Men were still in the lower stages of culture, with no knowledge of metal, not capable of polishing stones, without a domestic animal or trace of agriculture. Yet everywhere these artisans possessed skill and sentiments far above that of the highest anthropoid ape described by the zoölogist. They knew the use of fire, they constructed shelters, they dwelt together in bands, they possessed some means of navigating streams, they ate both vegetable and animal food, they decorated themselves with colored earth and ornaments, they wielded a club, they twisted fibres into ropes and strings, if occasion required they fastened together skins for clothing. All this is proved by a careful study of what tools and implements they have left us.
_Development into Races._--Whatever may have been the physical type of men at their beginning, in culture they were upon the same level for a long while after they had dispersed over the globe.
When, where and how did they develop into the several distinct races that we now know?
We can answer these questions, not fully, but to some extent.
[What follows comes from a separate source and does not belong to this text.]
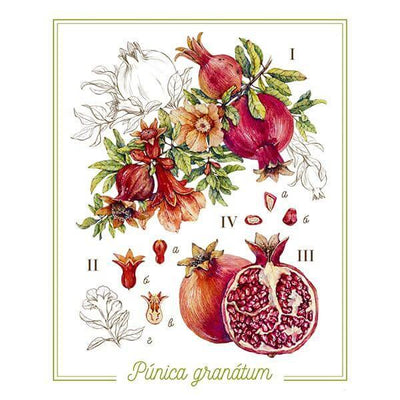 Pomegranate Botanical print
Man developed into certain strongly marked sub-species or races long before the dawn of history. More than six thousand years ago the racial traits of the black, the white, and the yellow races, and even of their subdivisions, were as pronounced and as ineffaceable as they are to-day. This we know from the representations on the Egyptian monuments of the third and sixth dynasties, from the comparative study of ancient skulls, and from the uniform testimony of the earliest writings, wherever we find them.